Other tips for keeping a gratitude journal
- Go for depth of entries versus quantity. It’s generally better to go into as much detail as possible about why you are grateful for something than generating a long, less detailed list.
- Try to not simply go through the motions. Keeping a gratitude journal is more effective if you first commit, and stay committed to, being more grateful, happy, or optimistic. A gratitude journal entry should not be viewed as a to-do list or something you have to do against your will.
- Don’t try to make any entry if you really aren’t ready or in a good space. Pushing yourself to simply make entries can actually make you feel worse or overwhelmed and may lead to entries that are negative or shaming.
- Don’t overdo it. Many people think you have to write in a gratitude journal every day to see positive effects. But writing once or twice per week long-term may be more beneficial than daily journaling.
- Think about subtractions, not only additions. One way to stimulate feelings of gratitude is to think about how your life would be affected without certain things, such as modern comforts, friends and family, meaningful work, etc. This approach can be especially effective if someone is having a hard time coming up with something they’re grateful for.

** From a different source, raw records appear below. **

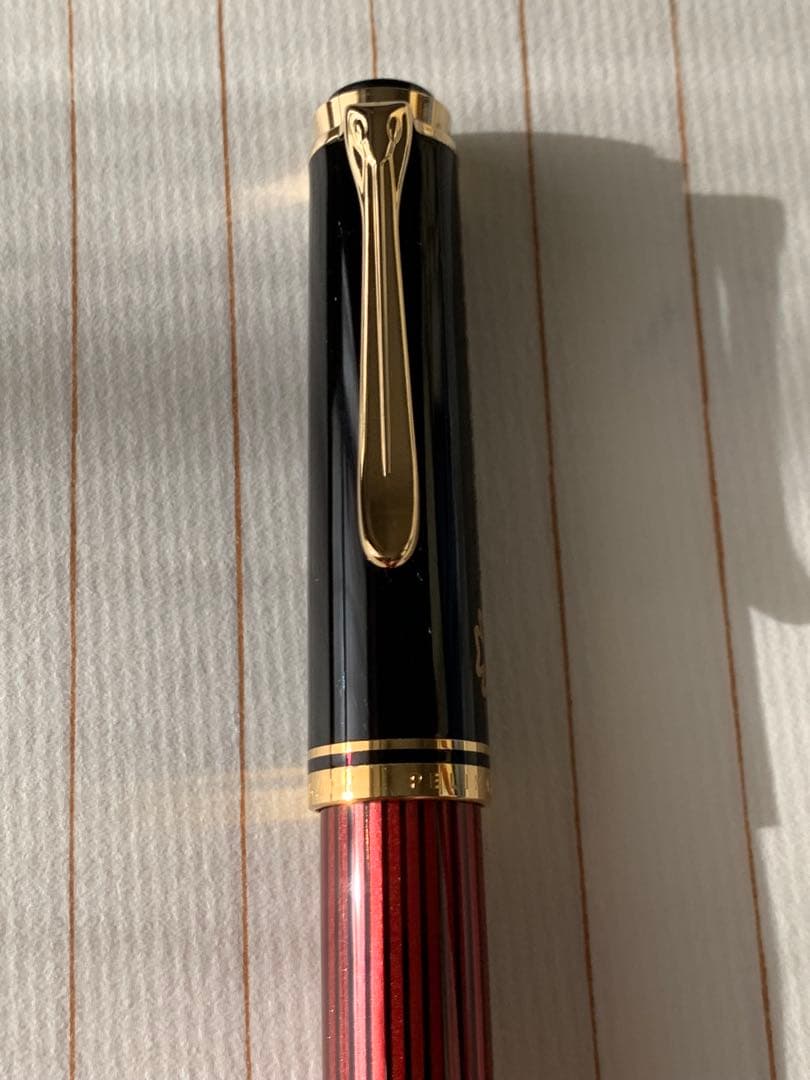 Pelikan（ペリカン）M400 万年筆 インク セット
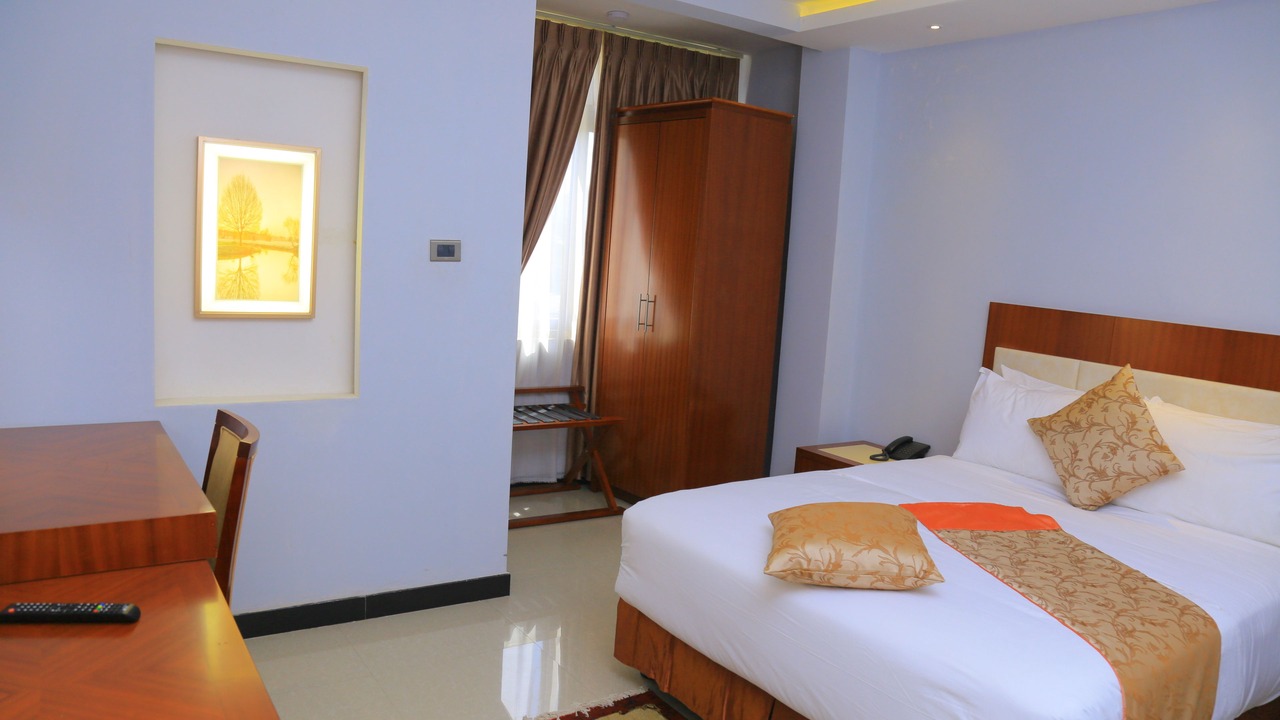 Photo of Bedroom in Awassa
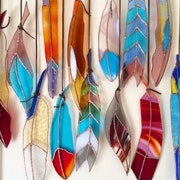 ColinAdrianGlass - Etsy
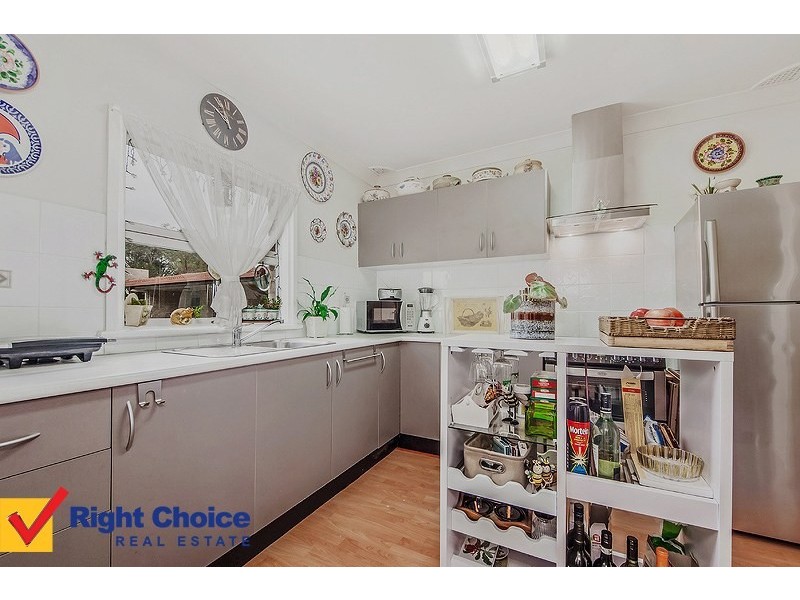 7/12 Wooroo Street, Albion Park Rail NSW 2527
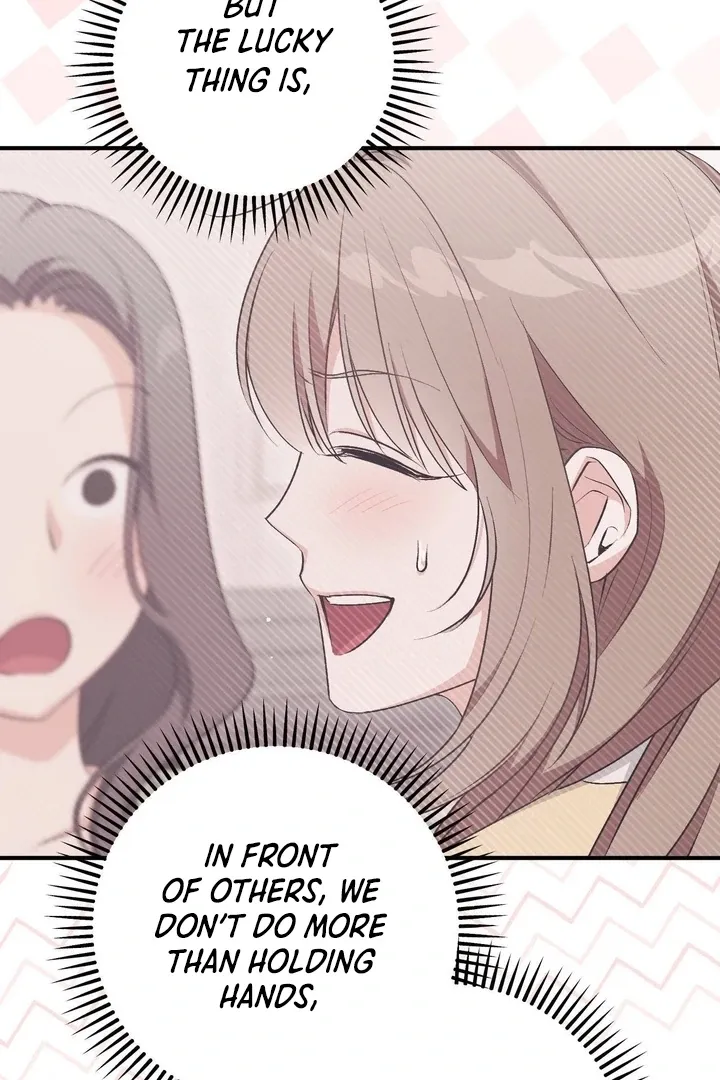 Milk My Strawberries Chapter 32 page 58 - 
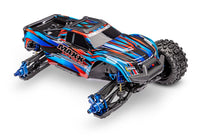 [Dış] Traxxas Maxx Ultimate - gövde monteli 3/4 stüdyo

- Savour surprises. Events that are surprising or unexpected often stimulate stronger feelings of gratitude.
- Get personal with your entries. Recording or thinking about people you are grateful for often is more impactful than thinking about things you’re grateful for.
- Think of things you’re grateful for as gifts. Thinking of things we are grateful for as gifts helps prevent many people from overlooking them or taking them for granted.